I've seen a lot of this negative, positional division in my career and I think the best way work with it is be as honest and transparent as possible. (Negative phrases like "behaviour is stupid", "have no clue", "cannot be done" should be avoided. Look for solutions/root causes.)

First, it looks like everyone is employing positional bargaining (book). They want what they want and you want what you want.But what is really driving that? Look at what drives their position and target that. E.g. sales just wants to get the product out as quickly as possible to make more sales and help the company's profits. What's wrong with that? And from your side you simply want to make the best quality software you can. So you just need to find a middle ground. I think the best way to do this is education, honesty and transparency. Treat them as part of your team and not "us vs. them".

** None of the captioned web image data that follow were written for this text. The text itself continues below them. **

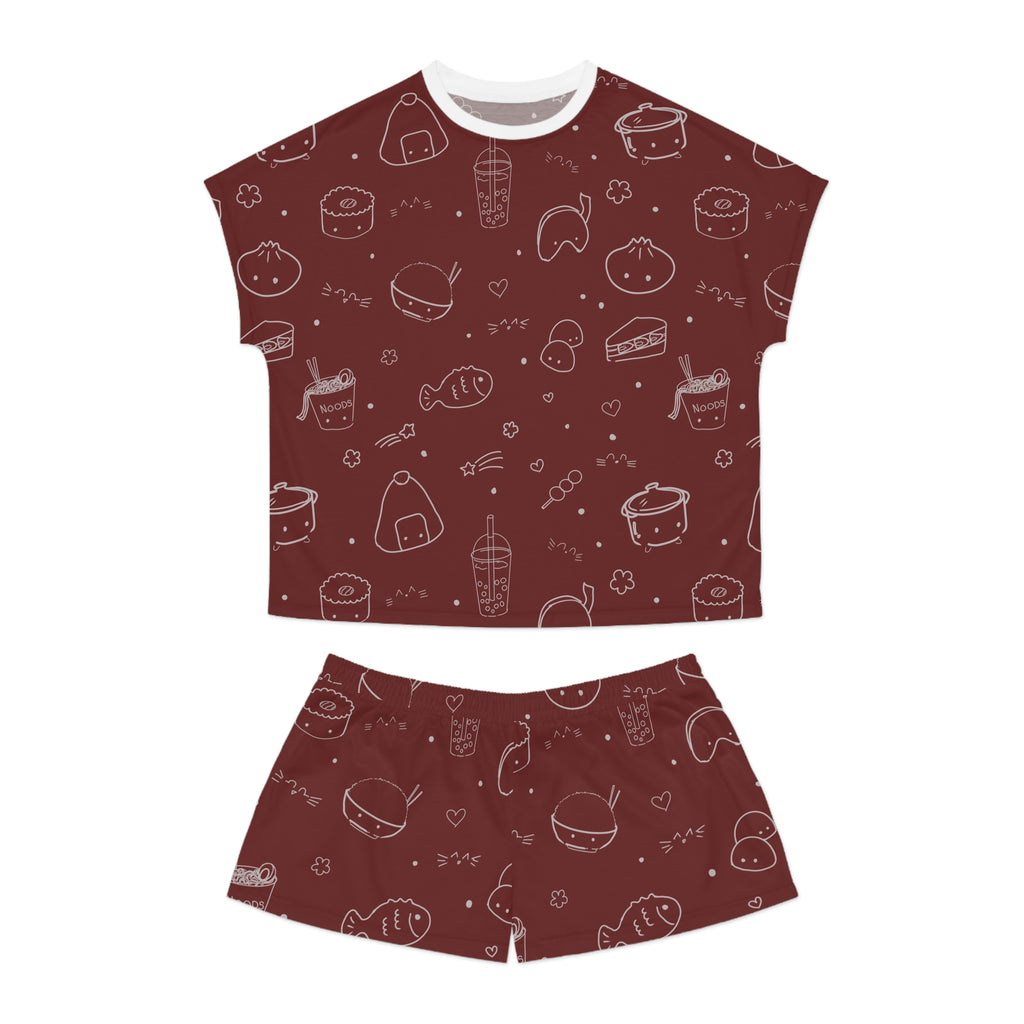 Maroon Kawaii Asian Snacks Pattern Women's Short Pajama Set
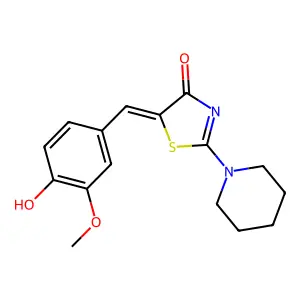 (5Z)-2-Piperidino-5-(3-methoxy-4-hydroxybenzylidene)-2-thiazoline-4-one structure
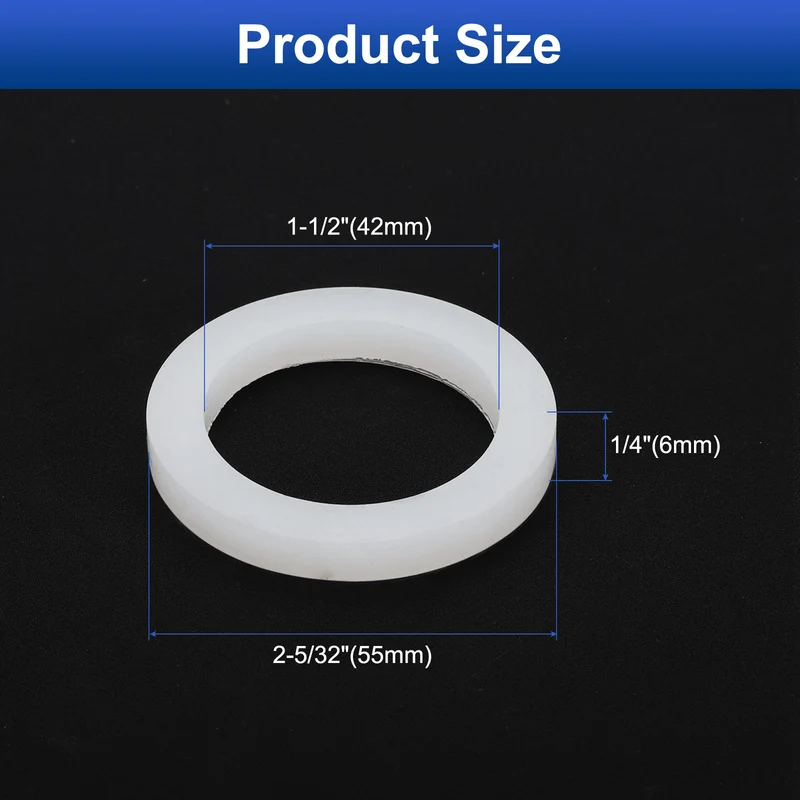 12Pcs Silicone Flat Washer DN40 2 5/32" OD X1 1/2" ID x 1/4" Thickness, White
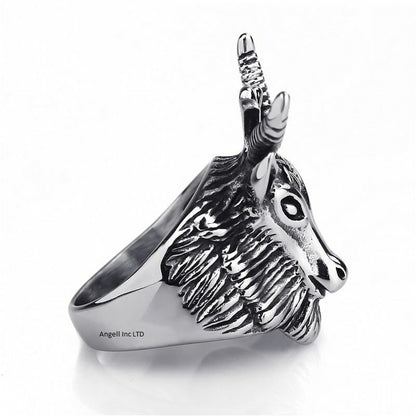 Mens Silver Satan Goat Head Pentagram Gothic Ram Steel Devil Satanic Ring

Agile and Scrum methods try to incorporate this into the entire process. Certain aspects of Scrum take care of this nicely:

  1. A product owner that prioritizes features and chooses what goes in each sprint. This person is part of the team. This should be a person that has the clients' best intentions in mind. e.g. this could be a sales person or supervisor. They are involved on a regular basis in deciding what goes into the product so there's great motivation and responsibility (they'll learn to NOT push for time vs quality/features)
  2. Any stakeholders are team members as well, they just don't get control in the the backlog/sprints/timeline. Treat them as such and they can learn how estimates are calculated and the inherit complexity behind software development.
  3. A scrum master works at improving the process over time. It's not expected to be instantly scrum as that is unreasonable in any situation. They work at removing roadblocks for all team members (and the company).

In summary, just be honest, positive and try to educate - it will eventually improve. Even if you don't officially follow agile/scrum, read some literature to get a better understanding of these concepts and motivations.


Another approach would be to make it impossible for them not to see WHY/HOW you're giving the estimates.

Since you are responsible for the development process, why don't you track the team velocity and show them, based on your past iterations, why you won't make their deadline? I think it is simple: "our current speed is X, and we have Y story points for this iteration".